━━━ Given data

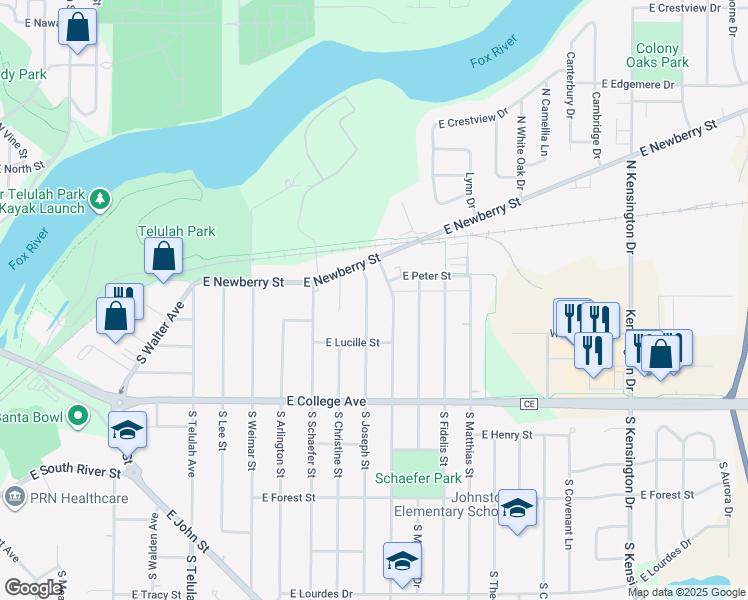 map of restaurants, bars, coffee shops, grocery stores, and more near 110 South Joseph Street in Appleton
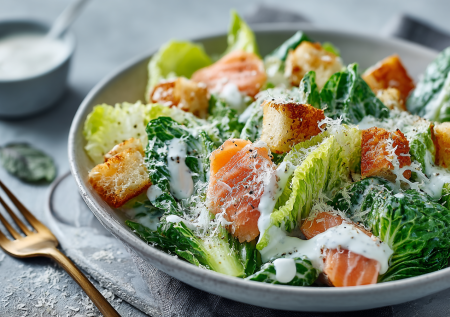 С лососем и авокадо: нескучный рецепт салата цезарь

━━━━━━
━━━ Given data

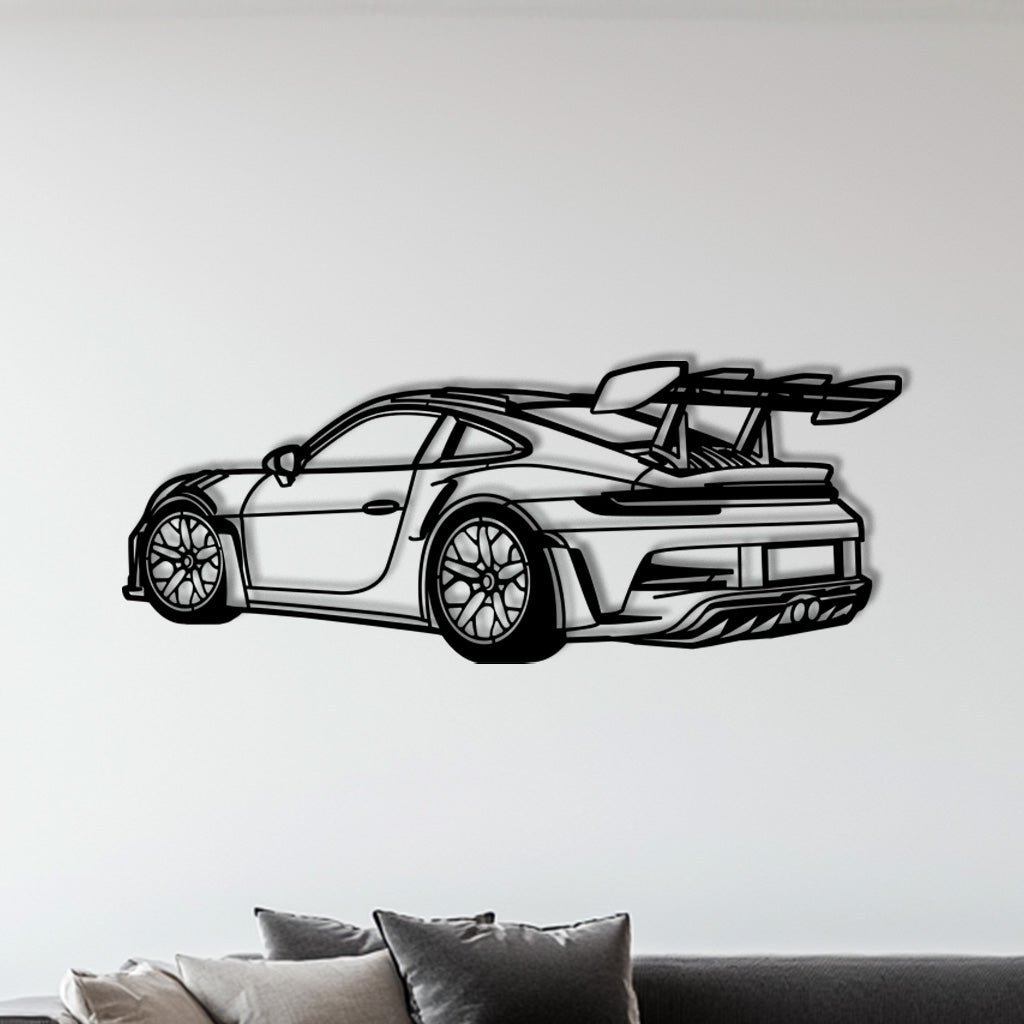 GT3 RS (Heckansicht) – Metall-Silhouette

━━━━━━

Excerpt from the records above: set down only the lines from the one that contains "map of restaurants, bars, coffee" through the one that contains "С лососем и", inclusive, word for word. Pictures stay out.

Written solution:
 map of restaurants, bars, coffee shops, grocery stores, and more near 110 South Joseph Street in Appleton
 С лососем и авокадо: нескучный рецепт салата цезарь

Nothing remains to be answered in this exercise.